Медведь. Поистине, я полагаю, что если бы Апеллес жил теперь, то, будучи благородным и чистым человеком, он уступил бы нашему Альбрехту пальму своей славы.
Лев. Что позволяет так думать?
Медведь. Я признаю, что Апеллес был первым в своем искусстве, и другие художники не могли упрекнуть его ни в чем, кроме того, что, работая над картиной, он не мог остановиться. Прекрасный упрек! Но в распоряжении Апеллеса были краски, правда немногие и весьма скромные, но все же краски. Дюреру же можно удивляться еще и в другом отношении, ибо чего только не может он выразить в одном цвете, т. е. черными штрихами? Тень, свет, блеск, выступы и углубления благодаря чему каждая вещь предстает перед взором зрителя не одной только своею гранью. Остро схватывает он правильные пропорции и их взаимное соответствие. Чего только не изображает он, даже то, что невозможно изобразить – огонь, лучи, гром, зарницы, молнии, пелену тумана, все ощущения, чувства, наконец, всю душу человека, проявляющуюся в телодвижениях, едва ли не самый голос. Все это он с таким искусством передает точнейшими штрихами, и притом только черными, что ты оскорбил бы произведение, если бы пожелал внести в него краски. Разве не более удивительно без сияния красок достигнуть величия в том, в чем при поддержке цвета отличился Апеллес?
Лев. Я не думал, что столь высокое образование необходимо для живописи, которая в наше время едва может прокормить художника.
Медведь. Не ново, что превосходные художники оказываются подчас в плохих обстоятельствах. Но некогда графическое искусство включалось в число свободных искусств[617] и могло изучаться только достойными и наиболее уважаемыми людьми; прочим же это было запрещено, дабы оно не было унижено. Это позор князьям, а не искусству, если оно лишено должной награды.
Эразм Роттердамский о Дюрере
Из письма Вилибальду Пиркгеймеру от 31 марта 1528 года[618]
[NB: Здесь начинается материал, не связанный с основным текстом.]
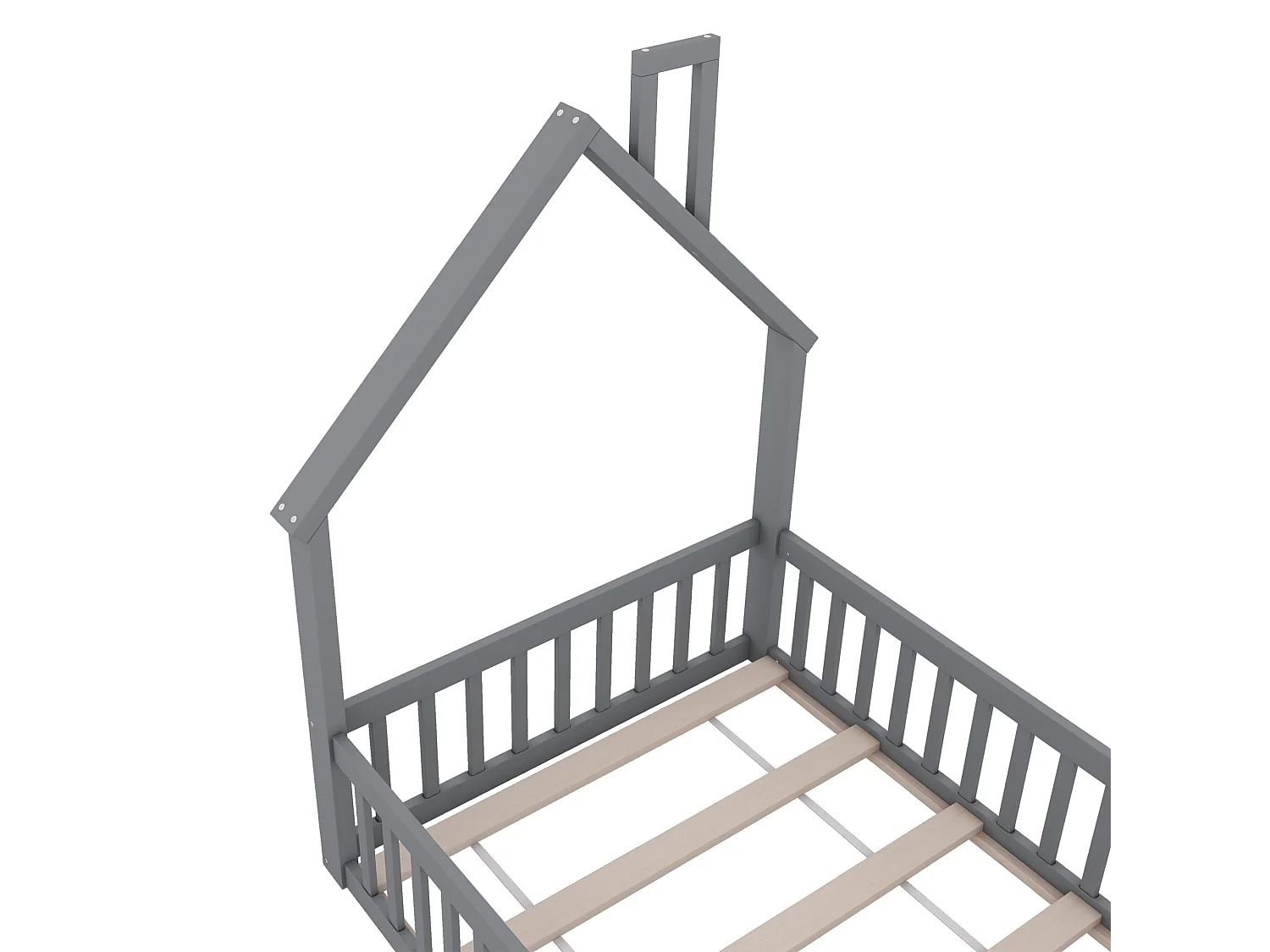 Kinderbed 90x200cm in massief hout - met lattenbodem - Grijs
Судьбою Дюрера я искренне опечален.[619] Ты читал то место, где я упоминаю его.[620]Все произведение теперь завершено. Ты скажешь, что это выглядит принужденно, и я признаю это. Но мне не представилось никакого другого случая, и я полагаю, что книжечка эта, какова бы она ни была, пройдет через руки многих людей.
Эразм Роттердамский о смерти Дюрера
Из письма Вилибальду Пиркгеймеру от 24 апреля 1528 года[621]
Что пользы оплакивать смерть Дюрера, ведь все мы смертны. Эпитафией ему стала отчасти моя книжечка.
Филипп Меланхтон о смерти Дюрера
Из письма Иоакиму Камерарию от 10 июня 1528 года[622]
Слухи о смерти Дюрера дошли сюда[623] раньше из Франкфурта, чем из Нюрнберга, но, как это часто бывает, я не хотел сразу поверить такому известию. Мне больно, что Германия потеряла столь великого человека и художника.
Вилибальд Пиркгеймер о Дюрере
Письмо Иоганну Черте. 1530 год[624]
Прежде всего, любезный господин Черте, готов служить Вам. Наш друг, господин Иорг Гартман, показал мне полученное им от Вас письмо, в котором Вы не только хорошо обо мне вспоминаете, но также хвалите меня и оказываете мне больше чести, чем я сам могу считать себя достойным. Но я отношу эти добрые слова к нашему общему почившему в мире другу Альбрехту Дюреру, ибо, поскольку Вы любили его за его искусство и добродетели, Вам, без сомнения, милы также и те, кто его любил; именно этой любви я и приписываю Ваши похвалы, но никак не моим достоинствам.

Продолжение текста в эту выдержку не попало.